Sunday, November 15, 2009

Devilish Details

by Ben Small

As a writer, I pay attention to nagging little details, not only in my own scribbles but in the writings of others. And it's nice to see even the best can make mistakes.

Take Lee Child, for instance, one of my favorite writers, someone known for his attention to detail. Lee will describe how glass doors set inside rubber bumpers swoosh-suck when they open or close, whether or not that detail is important. And his character, Jack Reacher, notices that a woman on a subway is wearing a winter jacket when the weather isn't appropriate, that she has a faraway look and her hand is inside a baggy bag. To Reacher, in Gone Tomorrow, these details, along with the woman's mumbling and a stubborn refusal to meet anyone's eyes, plus a few other observations, suggest that according to Israeli checklists for detecting suicide bombers, the woman is planning on taking out part of New York City. Of course, Reacher is wrong, and instead, the woman is hell-bent on suicide, the cause of which becoming the story's plotline.

But Child sometimes makes mistakes. Do we care if Child is wrong about the construction or location of a building? No, of course not. But when his details are important to the story, one would expect he'd get them right.

Not always. Take the denouement of Gone Tomorrow, for instance. Reacher makes counting bullets a big deal. Thirty rounds in his machine gun, nine more in each of his two swiped bad-guy 9mm Sig Sauer P220s, Swiss-made, as he points out. But Child forgets that there are also two rounds left in the chambers of these guns. Frankly, I was surprised when Reacher decided to attack two butcher-knife-wielding Afghan-trained female terrorists with a knife, a Benchmade something or other, we're told, instead of loading the rounds he'd taken from these Sigs into his machine gun, or indeed, his decision to leave those two silenced weapons behind. But he makes a big deal of his round count, and then throws those rounds away.

Huh?

Guess it's more exciting to stage a knife fight and carve up two women than to blow your assailants away.

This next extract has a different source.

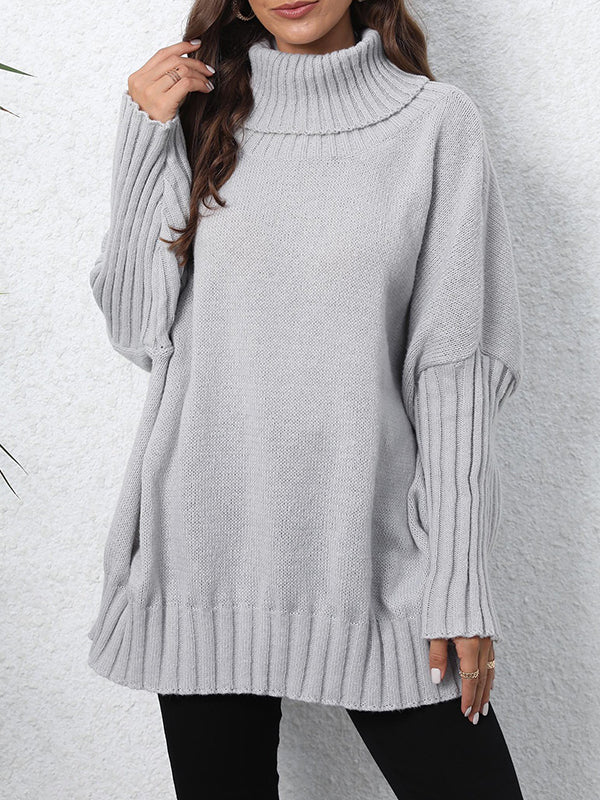 Pleated Solid Color Split-Joint Long Sleeves Loose High Neck Sweater Tops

Okay, I can buy that. But then why make such a big deal about the round count in the first place, and why get it wrong?

Doesn't make sense. Or maybe it does. Child lives in NYC, where only bad guys and cops can own a handgun.

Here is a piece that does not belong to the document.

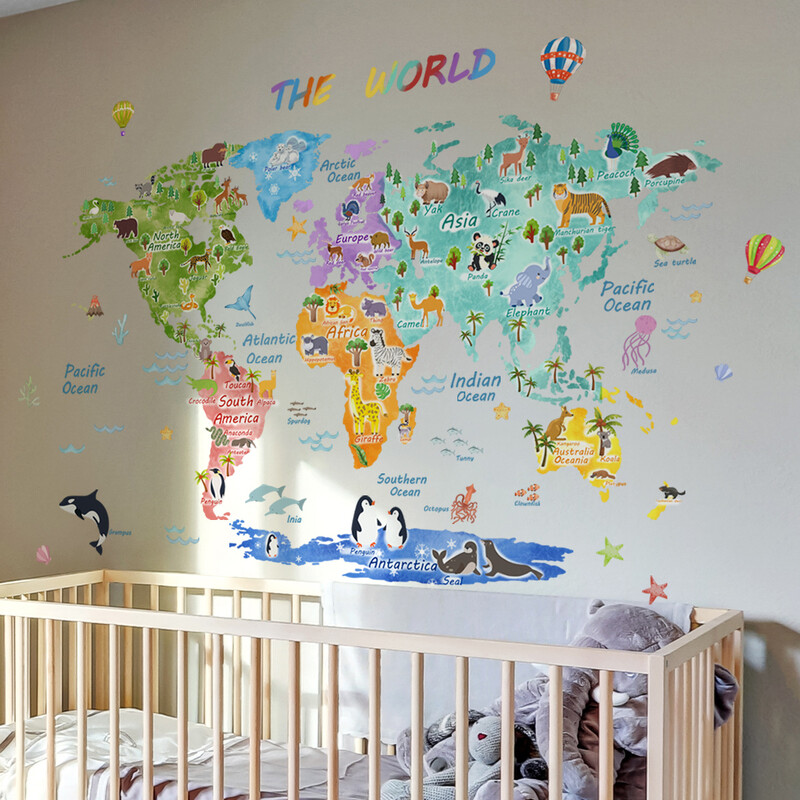 World Animal Distribution Picture Falimatrica gyerekszoba hálószoba falmatricák óvoda lakberendezési gyerekszoba matrica PVC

And in Child's breakout, outstanding first novel Killing Floor, Child refers to a .22 caliber pistol, a low-end small caliber assassin's gun, as "22 gauge" and attributes its shot dispersion characteristics to a modern shotgun that would do credit to a 16th century blunderbuss. Yes, there are .22 caliber shotshells that can be loaded into a .22 caliber pistol, but the small size of the shell makes these peashooters suitable only for a rattler -- and then only at a distance that would rattle me. Moreover, his concept of evidence is weird: He considers the legitimate possession of a large quantity of a legal item as evidence of a crime.

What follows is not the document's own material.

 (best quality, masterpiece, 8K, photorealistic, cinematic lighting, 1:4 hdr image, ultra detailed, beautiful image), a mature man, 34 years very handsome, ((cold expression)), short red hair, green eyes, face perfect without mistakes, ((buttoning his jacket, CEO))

I know: Picky, picky. But I once put a safety on a .38 snubby -- they don't have one -- and my editor has never let me forget it.

So I enjoy it when another author makes the same kind of mistakes I make. Especially when that author is successful and someone whose writing I really enjoy.

Heck, maybe if I make enough mistakes, I can be famous, too...

2 comments:

  1. Right, Chester,

    The funny thing is the .22 error gets worse. It's the assassin's bullet because it doesn't exit the brain. It bounces around the pan and often becomes unmatchable. And this one is supposed to be soft point. But Child has this thing flattening out to the shape of a quarter, and there's just not that much lead there. We're talking about a small grain bullet. Child's got it blowing out a big chunk of skull. And that just ain't gonna happen with this bullet. Child seems not to understand why it's called the Assassin's bullet.

    But who cares. I loved the book anyway.